** Problem details **
Set the data down once more, in full and exactly.

[Brief descriptive captions]
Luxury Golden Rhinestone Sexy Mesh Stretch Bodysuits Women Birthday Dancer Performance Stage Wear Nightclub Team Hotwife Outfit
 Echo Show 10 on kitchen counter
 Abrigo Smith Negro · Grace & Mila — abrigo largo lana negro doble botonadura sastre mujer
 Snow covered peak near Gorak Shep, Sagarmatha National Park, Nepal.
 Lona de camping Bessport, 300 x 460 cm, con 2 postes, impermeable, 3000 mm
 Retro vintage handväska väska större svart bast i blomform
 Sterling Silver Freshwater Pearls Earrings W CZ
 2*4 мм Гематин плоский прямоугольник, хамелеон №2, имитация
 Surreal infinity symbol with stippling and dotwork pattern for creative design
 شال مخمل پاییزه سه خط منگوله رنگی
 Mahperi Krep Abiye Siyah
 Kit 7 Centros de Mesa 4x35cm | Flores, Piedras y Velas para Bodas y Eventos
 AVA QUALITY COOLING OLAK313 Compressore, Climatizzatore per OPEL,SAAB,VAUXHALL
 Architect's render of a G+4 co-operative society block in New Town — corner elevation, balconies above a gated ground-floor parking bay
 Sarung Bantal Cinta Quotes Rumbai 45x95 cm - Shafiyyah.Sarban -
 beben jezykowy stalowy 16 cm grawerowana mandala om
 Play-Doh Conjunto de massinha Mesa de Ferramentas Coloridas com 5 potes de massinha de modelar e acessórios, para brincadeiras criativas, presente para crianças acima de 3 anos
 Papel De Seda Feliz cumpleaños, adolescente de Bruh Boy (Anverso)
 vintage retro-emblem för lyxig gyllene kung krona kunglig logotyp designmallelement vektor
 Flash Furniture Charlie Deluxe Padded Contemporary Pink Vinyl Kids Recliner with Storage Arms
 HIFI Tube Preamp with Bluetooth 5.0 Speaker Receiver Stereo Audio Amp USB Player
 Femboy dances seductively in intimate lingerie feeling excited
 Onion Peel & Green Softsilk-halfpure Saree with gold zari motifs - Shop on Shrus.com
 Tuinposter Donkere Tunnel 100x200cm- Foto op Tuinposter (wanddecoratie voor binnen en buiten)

** Response box **
Luxury Golden Rhinestone Sexy Mesh Stretch Bodysuits Women Birthday Dancer Performance Stage Wear Nightclub Team Hotwife Outfit
 Echo Show 10 on kitchen counter
 Abrigo Smith Negro · Grace & Mila — abrigo largo lana negro doble botonadura sastre mujer
 Snow covered peak near Gorak Shep, Sagarmatha National Park, Nepal.
 Lona de camping Bessport, 300 x 460 cm, con 2 postes, impermeable, 3000 mm
 Retro vintage handväska väska större svart bast i blomform
 Sterling Silver Freshwater Pearls Earrings W CZ
 2*4 мм Гематин плоский прямоугольник, хамелеон №2, имитация
 Surreal infinity symbol with stippling and dotwork pattern for creative design
 شال مخمل پاییزه سه خط منگوله رنگی
 Mahperi Krep Abiye Siyah
 Kit 7 Centros de Mesa 4x35cm | Flores, Piedras y Velas para Bodas y Eventos
 AVA QUALITY COOLING OLAK313 Compressore, Climatizzatore per OPEL,SAAB,VAUXHALL
 Architect's render of a G+4 co-operative society block in New Town — corner elevation, balconies above a gated ground-floor parking bay
 Sarung Bantal Cinta Quotes Rumbai 45x95 cm - Shafiyyah.Sarban -
 beben jezykowy stalowy 16 cm grawerowana mandala om
 Play-Doh Conjunto de massinha Mesa de Ferramentas Coloridas com 5 potes de massinha de modelar e acessórios, para brincadeiras criativas, presente para crianças acima de 3 anos
 Papel De Seda Feliz cumpleaños, adolescente de Bruh Boy (Anverso)
 vintage retro-emblem för lyxig gyllene kung krona kunglig logotyp designmallelement vektor
 Flash Furniture Charlie Deluxe Padded Contemporary Pink Vinyl Kids Recliner with Storage Arms
 HIFI Tube Preamp with Bluetooth 5.0 Speaker Receiver Stereo Audio Amp USB Player
 Femboy dances seductively in intimate lingerie feeling excited
 Onion Peel & Green Softsilk-halfpure Saree with gold zari motifs - Shop on Shrus.com
 Tuinposter Donkere Tunnel 100x200cm- Foto op Tuinposter (wanddecoratie voor binnen en buiten)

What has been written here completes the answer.